Depuis l’invasion russe de février 2022, les Ukrainiens impressionnent leurs homologues européens par leur stupéfiante capacité d’adaptation et d’innovation militaire. Le pays, qui devait tomber en quelques jours, résiste encore et toujours, et les gains territoriaux de Moscou sont minimes au regard de l’engagement et du nombre de victimes. Mais il est un autre domaine qui force le respect : avoir réussi à sauver l’agriculture dans un pays ravagé par les missiles, les bombes planantes et les drones russes.
En février 2022, on surnommait encore l’Ukraine « le grenier de l’Europe ». C’est simple, on estimait que le pays nourrissait plus de 400 millions de personnes dans le monde. Europe, Afrique, Asie, la planète s’arrachait les céréales ukrainiennes. Le pays exportait tous les mois 4,5 millions de tonnes de production agricole par ses ports de la mer Noire. L’invasion russe a provoqué l’une des crises alimentaires les plus sévères de ces dernières décennies.
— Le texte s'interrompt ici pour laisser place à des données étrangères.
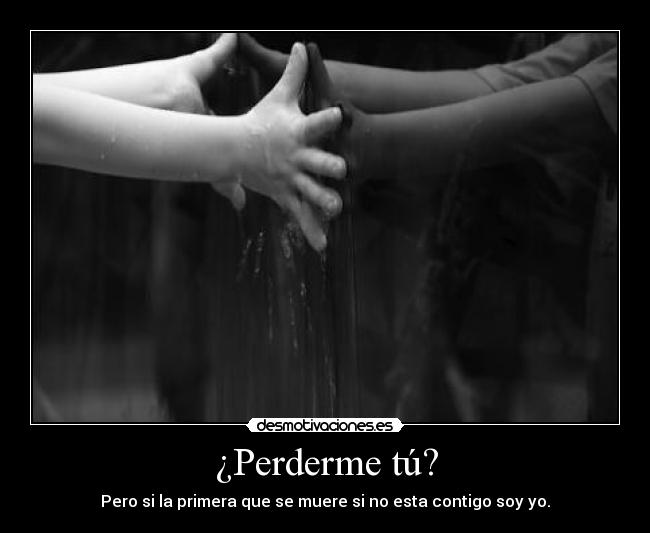 ¿Perderme tú? -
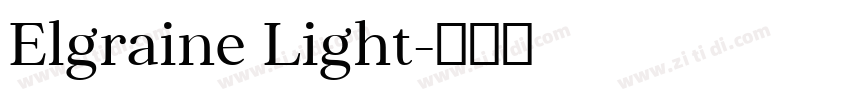 Elgraine Light字体转换 Elgraine Light字体转换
Le blocus immédiat de ses ports stratégiques, bombardés et minés par les assaillants, a eu des répercussions immédiates sur la sécurité alimentaire mondiale. Les prix alimentaires ont bondi de 8 % à 20 % selon l’Organisation des Nations unies pour l’alimentation et l’agriculture (FAO). En 2022, les agriculteurs ukrainiens ont semé 22 % de moins que l’année précédente. Résultat, 2,8 millions d’hectares, soit l’équivalent de la Belgique, sont restés en friche. Les images satellites ont montré que dans les zones les plus touchées du Donbass, la végétation a largement décliné. Les stratèges russes savaient comment affaiblir l’Ukraine, à défaut de réussir à l’envahir : on estime que les bombardements et les frappes ont fait plus de 80 milliards de dollars de dégâts dans les installations agricoles. En quelques mois, les marchés mondiaux ont été privés de millions de tonnes de maïs, de blé, d’orge.
20 % des terres arables minées
Une fois le choc mondial de l’invasion russe passé, la communauté internationale a pris la mesure de la crise alimentaire. En juillet 2022, grâce à la médiation turque et sous l’égide de l’ONU, naissait « l’Initiative de la mer Noire ». Russes et Ukrainiens signent alors un accord permettant la reprise des exportations par la mer Noire et 33 millions de tonnes de céréales quittent les ports du pays. L’accord tient une année, renouvelé par périodes de 60 jours. Mais un an plus tard, le Kremlin annonce sortir de l’initiative, estimant que l’Ukraine retrouve trop de liberté de commerce. Les marchés mondiaux s’inquiètent à nouveau, et l’angoisse de pénurie alimentaire remonte en flèche.
Mais c’était sans compter sur la résilience de Kiev, son refus de capituler, y compris sur le plan agricole, et sa maîtrise du combat maritime. Les forces spéciales multiplient les coups de maîtres contre la flotte ennemie, qui finit par se réfugier dans ses ports. La marine réussit à ouvrir un corridor longeant les côtes bulgares et roumaines avant de gagner le détroit de Bosphore et les mers libres. En quelques mois, les résultats sont stupéfiants, les exportations retrouvent presque leur niveau d’avant février 2022, soutenus par une aide internationale dédiée, de la part de l’ONU et de l’Union européenne.
Plus de trois ans et demi après l’invasion russe, les perspectives sont néanmoins inquiétantes. De très nombreuses terres agricoles ont été ravagées par la guerre, d’autres sont minées pour des décennies, inutilisables. Les spécialistes estiment qu’au moins 20 % des terres arables sont minées. Il faudra des dizaines de milliards de dollars pour relancer le secteur et rendre ses vraies couleurs au blé ukrainien, dont la teinte jaune est avec le bleu du ciel le symbole du drapeau national.